Please could you help;
does anyone have any experience of replacing the original Yamaha 8c 2 stroke in an Etap, with something more modern?
eg a modern DFI 2 stroke or a four stroke, or potentially even electric - if the cost is not too restrictive.

My 30 year old etap, which I've owned for 4 years, the engine is sadly looking like a write off - it's a 30 year old outboard, so has done pretty well
I was hoping to get a couple more years out of it, but was aware it would need replacing sometime

There are a few issues which I can see with this straight from the start
- replacing a 2 stroke with a 4 stroke of similar power, will mean a much bigger and heavier engine, it will need to fit into a well on the etap, so size is an issue
- the fitting in the etap is not standard - it doesn't have the clamps you see on a standard outboard, or an obvious place to fit an engine with clamps - on the etap, there are two vertical screws, with a fitting on the engine that slots on top, with thumb screws securing it in place
- The fitting could probably be transferred to a "new" outboard, however there is also a heavy duty rubber Gasket/baffle which fit's snuggly around the leg of the engine, and into the well, which not only helps to stop water sloshing up the well, but would appear to take the majority of the force from the drive of the engine, rather than into the transom, like on a normal outboard

Has anyone been through this process, or know the best way around these issues?

Many thanks for any help,
Carl
 
Hi Carl,

Yes this is a problem as most original engines fitted to these boats are getting old. I have a 8hp Yamaha 2 stroke at present which is still running well but last year I managed to obtain another the same which was unused that had been stored by an Etap owner just in case his original died! So I was very lucky and now have a spare which will probably see my sailing days out!

I have a 22i with the same connections for the outboard as you describe. As you say a four stroke could possibly fit but they are much heavier to remove and you are likely to need more horses in the 4 stroke to give you the same power.

When I anticipated my original engine giving up I contacted Robin Curnow outboards in Falmouth.

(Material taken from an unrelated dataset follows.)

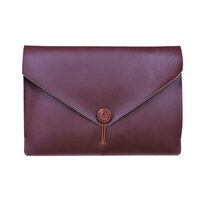 Whatna 牛革 ファイルパック 封筒袋 A4 ipad 13.3収納可 本革 クラッチバッグ メンズ レディース 手持ちバッグ ビジネス カジュアル フォーマル 結婚式バ ッグ 冠婚葬祭 バッグ 通勤用 仕事用 s008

They had fitted new outboards into the well after doing some adjustment to the well. It would be worth giving them a call as they were very helpful when I was looking.

Electric may be possible but expensive and possibly limited range depending how far you intend motoring.

The alternative is to keep looking for another Yamaha 8hp 2 stroke but good ones are scarce and command a premium price.

The other option I thought of was to attach a bracket to the transom and put an outboard on that. It wouldn't give you the same control of the boat but does away with finding a plug to fit it and adapting the attachment point. The well could then be filled in permanently.

Hope that helps ( a bit) !
 
On the Anderson 22 it is normal to lift out the engine, stow it in a cockpit locker and fit a plug in the well when sailing any significant distance; this gives a drag free hull and prevents the surprising amount of noise from turbulence in the well, also avoiding collecting weed and floating lines etc.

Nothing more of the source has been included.